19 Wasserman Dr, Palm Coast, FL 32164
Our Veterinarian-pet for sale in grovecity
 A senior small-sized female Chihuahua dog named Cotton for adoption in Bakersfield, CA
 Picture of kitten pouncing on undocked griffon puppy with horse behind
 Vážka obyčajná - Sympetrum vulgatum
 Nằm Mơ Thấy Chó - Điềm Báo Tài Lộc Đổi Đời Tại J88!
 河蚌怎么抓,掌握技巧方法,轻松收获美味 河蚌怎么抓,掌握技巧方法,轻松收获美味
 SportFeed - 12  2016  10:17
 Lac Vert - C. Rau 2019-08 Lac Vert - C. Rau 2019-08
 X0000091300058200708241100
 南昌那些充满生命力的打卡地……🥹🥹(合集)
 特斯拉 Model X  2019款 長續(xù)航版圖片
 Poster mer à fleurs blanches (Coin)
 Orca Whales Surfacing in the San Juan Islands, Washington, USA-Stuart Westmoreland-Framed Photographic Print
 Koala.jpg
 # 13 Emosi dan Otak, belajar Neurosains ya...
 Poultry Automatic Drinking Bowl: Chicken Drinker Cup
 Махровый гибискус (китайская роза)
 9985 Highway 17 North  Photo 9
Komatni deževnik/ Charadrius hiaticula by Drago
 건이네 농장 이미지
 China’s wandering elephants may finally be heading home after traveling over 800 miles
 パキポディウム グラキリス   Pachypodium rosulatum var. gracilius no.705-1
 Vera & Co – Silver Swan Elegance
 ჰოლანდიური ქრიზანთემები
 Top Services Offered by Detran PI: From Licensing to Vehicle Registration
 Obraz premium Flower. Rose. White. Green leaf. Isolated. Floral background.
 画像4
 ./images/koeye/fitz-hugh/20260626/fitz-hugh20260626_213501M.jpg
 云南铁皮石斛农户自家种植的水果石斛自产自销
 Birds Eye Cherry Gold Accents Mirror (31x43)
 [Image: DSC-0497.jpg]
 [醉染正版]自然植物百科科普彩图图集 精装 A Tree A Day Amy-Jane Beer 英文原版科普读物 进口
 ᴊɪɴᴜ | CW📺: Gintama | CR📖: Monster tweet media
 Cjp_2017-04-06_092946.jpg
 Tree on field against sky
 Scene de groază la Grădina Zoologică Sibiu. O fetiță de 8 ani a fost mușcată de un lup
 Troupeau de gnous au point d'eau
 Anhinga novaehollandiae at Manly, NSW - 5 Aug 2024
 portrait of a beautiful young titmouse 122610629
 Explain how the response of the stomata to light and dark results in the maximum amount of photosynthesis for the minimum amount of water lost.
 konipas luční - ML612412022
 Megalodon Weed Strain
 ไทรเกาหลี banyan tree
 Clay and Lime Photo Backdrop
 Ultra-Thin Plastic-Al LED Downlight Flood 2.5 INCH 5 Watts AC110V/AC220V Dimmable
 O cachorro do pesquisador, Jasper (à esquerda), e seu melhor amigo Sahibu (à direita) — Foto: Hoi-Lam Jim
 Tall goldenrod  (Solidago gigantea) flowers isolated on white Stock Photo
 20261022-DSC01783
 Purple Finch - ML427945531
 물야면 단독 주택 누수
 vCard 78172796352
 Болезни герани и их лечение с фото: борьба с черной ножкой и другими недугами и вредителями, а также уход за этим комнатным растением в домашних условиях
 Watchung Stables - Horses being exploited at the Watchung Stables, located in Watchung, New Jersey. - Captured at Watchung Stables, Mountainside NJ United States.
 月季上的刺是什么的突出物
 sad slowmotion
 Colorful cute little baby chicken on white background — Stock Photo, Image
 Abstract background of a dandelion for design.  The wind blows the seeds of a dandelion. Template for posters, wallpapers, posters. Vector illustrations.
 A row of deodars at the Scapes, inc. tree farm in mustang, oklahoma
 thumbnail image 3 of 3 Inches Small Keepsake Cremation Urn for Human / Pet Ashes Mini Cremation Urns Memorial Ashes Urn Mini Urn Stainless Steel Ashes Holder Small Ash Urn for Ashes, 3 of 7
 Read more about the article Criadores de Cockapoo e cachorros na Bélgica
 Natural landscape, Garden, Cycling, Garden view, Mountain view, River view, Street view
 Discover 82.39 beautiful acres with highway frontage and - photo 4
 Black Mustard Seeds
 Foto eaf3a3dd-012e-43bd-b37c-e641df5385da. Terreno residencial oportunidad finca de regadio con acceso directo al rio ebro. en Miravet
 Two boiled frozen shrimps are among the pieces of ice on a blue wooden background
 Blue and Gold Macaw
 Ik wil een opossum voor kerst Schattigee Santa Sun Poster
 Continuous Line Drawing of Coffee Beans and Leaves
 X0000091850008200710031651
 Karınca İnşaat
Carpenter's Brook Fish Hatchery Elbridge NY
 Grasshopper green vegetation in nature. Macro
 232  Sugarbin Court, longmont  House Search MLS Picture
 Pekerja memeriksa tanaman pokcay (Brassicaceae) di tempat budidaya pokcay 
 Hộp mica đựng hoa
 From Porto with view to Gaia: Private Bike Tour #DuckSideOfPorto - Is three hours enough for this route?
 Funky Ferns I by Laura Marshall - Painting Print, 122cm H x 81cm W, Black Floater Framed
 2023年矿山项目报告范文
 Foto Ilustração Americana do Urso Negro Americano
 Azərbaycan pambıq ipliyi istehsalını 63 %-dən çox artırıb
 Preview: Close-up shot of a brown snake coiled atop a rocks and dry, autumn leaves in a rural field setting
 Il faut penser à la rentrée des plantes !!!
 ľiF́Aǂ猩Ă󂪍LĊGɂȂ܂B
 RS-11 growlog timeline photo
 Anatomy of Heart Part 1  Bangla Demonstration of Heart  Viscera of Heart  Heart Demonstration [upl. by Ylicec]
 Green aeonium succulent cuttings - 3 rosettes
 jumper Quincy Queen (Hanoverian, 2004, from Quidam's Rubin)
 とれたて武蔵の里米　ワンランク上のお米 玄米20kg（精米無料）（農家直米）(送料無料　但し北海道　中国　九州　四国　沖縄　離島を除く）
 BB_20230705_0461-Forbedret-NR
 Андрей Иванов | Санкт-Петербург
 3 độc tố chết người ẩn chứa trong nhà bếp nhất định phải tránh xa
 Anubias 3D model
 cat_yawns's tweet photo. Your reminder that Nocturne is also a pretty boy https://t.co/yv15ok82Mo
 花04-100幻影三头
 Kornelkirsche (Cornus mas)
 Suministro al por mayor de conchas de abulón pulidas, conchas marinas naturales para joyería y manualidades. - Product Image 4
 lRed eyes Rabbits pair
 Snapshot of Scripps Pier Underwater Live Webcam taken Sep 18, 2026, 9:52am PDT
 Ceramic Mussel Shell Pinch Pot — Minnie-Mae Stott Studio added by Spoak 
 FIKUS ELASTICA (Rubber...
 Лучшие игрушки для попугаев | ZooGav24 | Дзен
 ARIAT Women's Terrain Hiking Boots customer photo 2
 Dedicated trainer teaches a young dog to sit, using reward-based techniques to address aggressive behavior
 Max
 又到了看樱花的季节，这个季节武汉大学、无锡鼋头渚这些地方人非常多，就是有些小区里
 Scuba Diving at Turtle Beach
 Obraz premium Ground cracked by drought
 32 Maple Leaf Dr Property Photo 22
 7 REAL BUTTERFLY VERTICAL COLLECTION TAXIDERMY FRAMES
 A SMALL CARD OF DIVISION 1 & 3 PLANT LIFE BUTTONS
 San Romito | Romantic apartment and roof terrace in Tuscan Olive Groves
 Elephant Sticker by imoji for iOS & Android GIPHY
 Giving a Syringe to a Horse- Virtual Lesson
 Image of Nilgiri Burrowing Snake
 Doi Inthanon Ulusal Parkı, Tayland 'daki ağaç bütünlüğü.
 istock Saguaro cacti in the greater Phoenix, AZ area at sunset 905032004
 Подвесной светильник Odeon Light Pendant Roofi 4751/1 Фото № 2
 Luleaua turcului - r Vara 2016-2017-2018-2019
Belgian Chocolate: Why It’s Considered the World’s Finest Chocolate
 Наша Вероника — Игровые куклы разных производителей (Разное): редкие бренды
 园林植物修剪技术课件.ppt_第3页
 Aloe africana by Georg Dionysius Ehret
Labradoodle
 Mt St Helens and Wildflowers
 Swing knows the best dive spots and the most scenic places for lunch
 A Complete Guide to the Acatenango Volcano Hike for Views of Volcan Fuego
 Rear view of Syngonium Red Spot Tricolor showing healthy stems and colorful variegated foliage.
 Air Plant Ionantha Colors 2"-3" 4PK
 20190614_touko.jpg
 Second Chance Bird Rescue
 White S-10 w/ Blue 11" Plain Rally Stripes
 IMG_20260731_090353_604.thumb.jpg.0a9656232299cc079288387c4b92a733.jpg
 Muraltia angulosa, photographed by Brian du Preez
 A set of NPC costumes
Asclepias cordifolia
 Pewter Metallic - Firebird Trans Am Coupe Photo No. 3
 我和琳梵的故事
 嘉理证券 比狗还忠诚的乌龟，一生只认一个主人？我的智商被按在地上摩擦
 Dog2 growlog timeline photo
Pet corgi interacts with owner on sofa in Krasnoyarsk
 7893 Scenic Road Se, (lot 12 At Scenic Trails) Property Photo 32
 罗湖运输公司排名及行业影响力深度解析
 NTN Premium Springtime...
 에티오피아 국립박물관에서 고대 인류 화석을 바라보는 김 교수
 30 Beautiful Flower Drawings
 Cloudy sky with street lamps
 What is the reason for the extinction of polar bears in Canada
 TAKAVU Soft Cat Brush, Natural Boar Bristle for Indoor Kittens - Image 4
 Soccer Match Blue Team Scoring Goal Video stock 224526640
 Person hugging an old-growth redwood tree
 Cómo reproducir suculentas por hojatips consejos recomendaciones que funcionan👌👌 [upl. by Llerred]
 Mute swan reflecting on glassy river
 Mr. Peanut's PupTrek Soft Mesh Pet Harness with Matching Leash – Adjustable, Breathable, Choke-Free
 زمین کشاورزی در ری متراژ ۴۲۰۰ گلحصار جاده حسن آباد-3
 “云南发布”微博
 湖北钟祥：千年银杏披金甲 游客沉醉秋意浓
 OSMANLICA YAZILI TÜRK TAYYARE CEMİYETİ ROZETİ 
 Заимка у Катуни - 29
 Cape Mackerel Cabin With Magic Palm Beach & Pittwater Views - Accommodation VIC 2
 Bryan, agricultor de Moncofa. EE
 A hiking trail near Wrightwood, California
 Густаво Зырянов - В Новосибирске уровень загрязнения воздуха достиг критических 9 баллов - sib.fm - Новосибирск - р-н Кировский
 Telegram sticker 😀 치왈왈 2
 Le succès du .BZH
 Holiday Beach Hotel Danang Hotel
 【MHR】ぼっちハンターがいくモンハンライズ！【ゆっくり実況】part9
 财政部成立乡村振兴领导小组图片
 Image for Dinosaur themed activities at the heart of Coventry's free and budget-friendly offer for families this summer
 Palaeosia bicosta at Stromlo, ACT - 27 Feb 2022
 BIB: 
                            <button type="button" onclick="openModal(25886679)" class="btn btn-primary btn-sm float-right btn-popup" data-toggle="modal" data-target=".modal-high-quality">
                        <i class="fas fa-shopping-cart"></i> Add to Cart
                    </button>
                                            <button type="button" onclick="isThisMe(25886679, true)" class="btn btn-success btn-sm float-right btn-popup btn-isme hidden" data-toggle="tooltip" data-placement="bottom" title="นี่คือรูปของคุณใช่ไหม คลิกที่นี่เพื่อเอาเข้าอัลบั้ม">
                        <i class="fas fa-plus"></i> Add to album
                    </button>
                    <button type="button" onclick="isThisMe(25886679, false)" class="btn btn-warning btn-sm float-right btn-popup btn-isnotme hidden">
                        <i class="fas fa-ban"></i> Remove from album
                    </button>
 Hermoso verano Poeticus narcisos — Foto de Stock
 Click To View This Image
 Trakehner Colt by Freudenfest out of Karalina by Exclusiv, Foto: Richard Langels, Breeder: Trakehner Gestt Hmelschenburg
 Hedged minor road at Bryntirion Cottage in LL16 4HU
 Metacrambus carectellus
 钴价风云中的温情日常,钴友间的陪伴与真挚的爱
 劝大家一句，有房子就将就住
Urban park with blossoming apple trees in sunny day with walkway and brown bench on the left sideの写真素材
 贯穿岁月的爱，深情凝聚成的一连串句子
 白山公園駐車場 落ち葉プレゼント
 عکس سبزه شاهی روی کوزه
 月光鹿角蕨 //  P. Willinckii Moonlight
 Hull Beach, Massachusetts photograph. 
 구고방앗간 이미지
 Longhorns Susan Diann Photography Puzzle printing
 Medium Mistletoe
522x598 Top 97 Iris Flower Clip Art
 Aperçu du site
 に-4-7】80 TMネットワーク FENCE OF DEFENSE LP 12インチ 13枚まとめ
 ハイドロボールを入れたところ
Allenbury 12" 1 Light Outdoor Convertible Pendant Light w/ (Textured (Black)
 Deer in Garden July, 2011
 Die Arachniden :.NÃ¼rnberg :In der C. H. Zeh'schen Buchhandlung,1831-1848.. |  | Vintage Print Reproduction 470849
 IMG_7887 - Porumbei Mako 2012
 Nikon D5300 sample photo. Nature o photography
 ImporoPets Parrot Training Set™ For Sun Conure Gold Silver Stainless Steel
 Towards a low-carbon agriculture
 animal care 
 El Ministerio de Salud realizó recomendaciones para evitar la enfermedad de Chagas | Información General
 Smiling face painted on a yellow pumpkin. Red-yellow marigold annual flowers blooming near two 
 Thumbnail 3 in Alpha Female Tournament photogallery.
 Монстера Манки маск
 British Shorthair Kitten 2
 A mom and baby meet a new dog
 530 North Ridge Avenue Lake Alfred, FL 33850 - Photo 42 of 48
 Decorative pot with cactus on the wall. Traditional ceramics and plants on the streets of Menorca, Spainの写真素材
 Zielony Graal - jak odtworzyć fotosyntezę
§ §
**ASSIGNED TASK**
Look in the material above for the line with "Troupeau de gnous au point d'eau" and the line with "A row of deodars", and transcribe exactly those lines and all lines between them, nothing more.

**ANSWER FOR THIS EXERCISE**
 Troupeau de gnous au point d'eau
 Anhinga novaehollandiae at Manly, NSW - 5 Aug 2024
 portrait of a beautiful young titmouse 122610629
 Explain how the response of the stomata to light and dark results in the maximum amount of photosynthesis for the minimum amount of water lost.
 konipas luční - ML612412022
 Megalodon Weed Strain
 ไทรเกาหลี banyan tree
 Clay and Lime Photo Backdrop
 Ultra-Thin Plastic-Al LED Downlight Flood 2.5 INCH 5 Watts AC110V/AC220V Dimmable
 O cachorro do pesquisador, Jasper (à esquerda), e seu melhor amigo Sahibu (à direita) — Foto: Hoi-Lam Jim
 Tall goldenrod  (Solidago gigantea) flowers isolated on white Stock Photo
 20261022-DSC01783
 Purple Finch - ML427945531
 물야면 단독 주택 누수
 vCard 78172796352
 Болезни герани и их лечение с фото: борьба с черной ножкой и другими недугами и вредителями, а также уход за этим комнатным растением в домашних условиях
 Watchung Stables - Horses being exploited at the Watchung Stables, located in Watchung, New Jersey. - Captured at Watchung Stables, Mountainside NJ United States.
 月季上的刺是什么的突出物
 sad slowmotion
 Colorful cute little baby chicken on white background — Stock Photo, Image
 Abstract background of a dandelion for design.  The wind blows the seeds of a dandelion. Template for posters, wallpapers, posters. Vector illustrations.
 A row of deodars at the Scapes, inc. tree farm in mustang, oklahoma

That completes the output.